**WHAT THE TASK ASKS**
Make an exact copy, from the records below, of the lines from the line containing "A man getting" to the line containing "Iranian supporters of", both lines included, excluding pictures.

**MATERIAL PROVIDED**
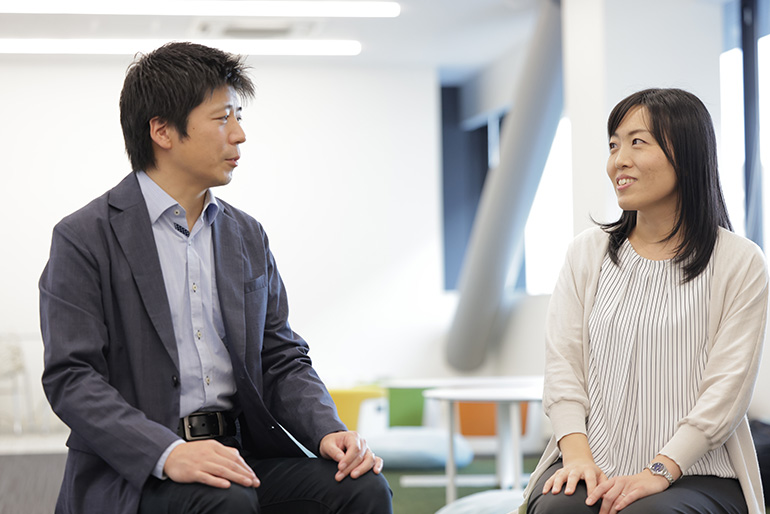 [Image] Photograph of developers in an interview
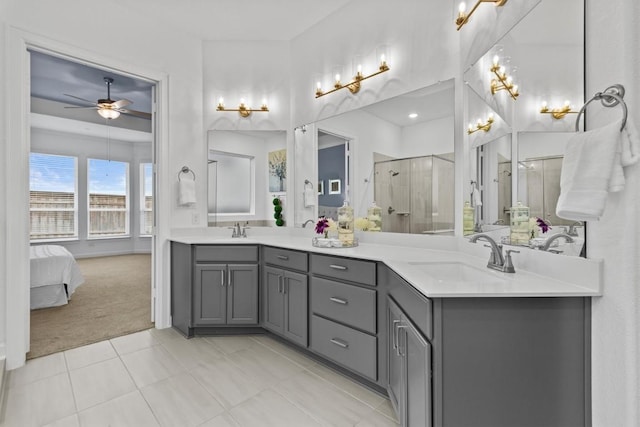872 Wild Pecan Loop, Buda, TX 78610 - bathroom with double vanity, ceiling fan, a shower stall, tile patterned floors, and ensuite bath
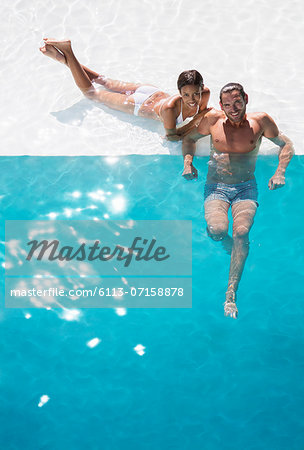 Portrait of smiling couple relaxing in swimming pool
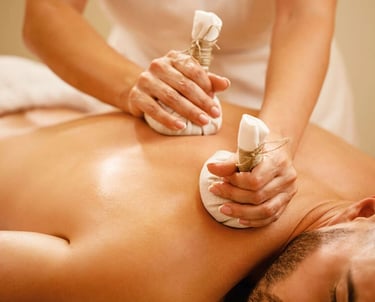 A man getting thai herbal compresses pressed into his back during a massage.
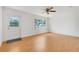 Bright living room with wood floors, white walls, a ceiling fan, and natural light from a large window at 1109 Hampton St, Clermont, FL 34711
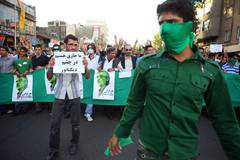 Iranian supporters of defeated reformist presidential candidate Mir Hossein Mousavi demonstrate on June 17, 2009 in Tehran, Iran.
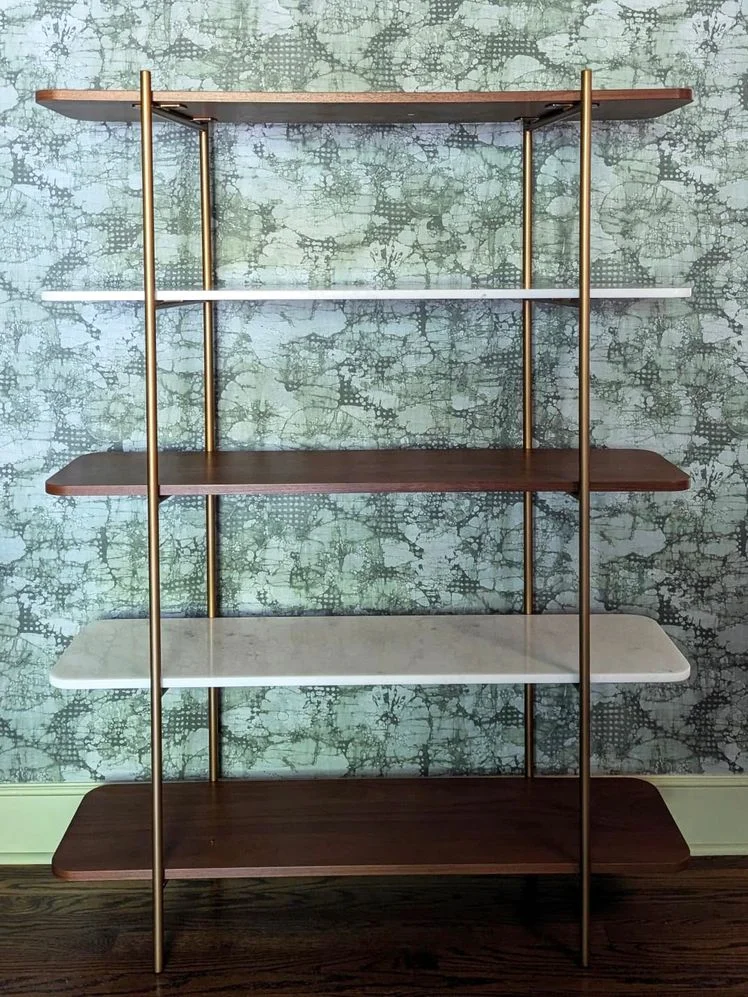 5-tier bookshelf with alternating wood and marble shelves and a gold metal frame in front a green wallpapered wall.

**OUTPUT OF THE TASK**
 A man getting thai herbal compresses pressed into his back during a massage.
 Bright living room with wood floors, white walls, a ceiling fan, and natural light from a large window at 1109 Hampton St, Clermont, FL 34711
 Iranian supporters of defeated reformist presidential candidate Mir Hossein Mousavi demonstrate on June 17, 2009 in Tehran, Iran.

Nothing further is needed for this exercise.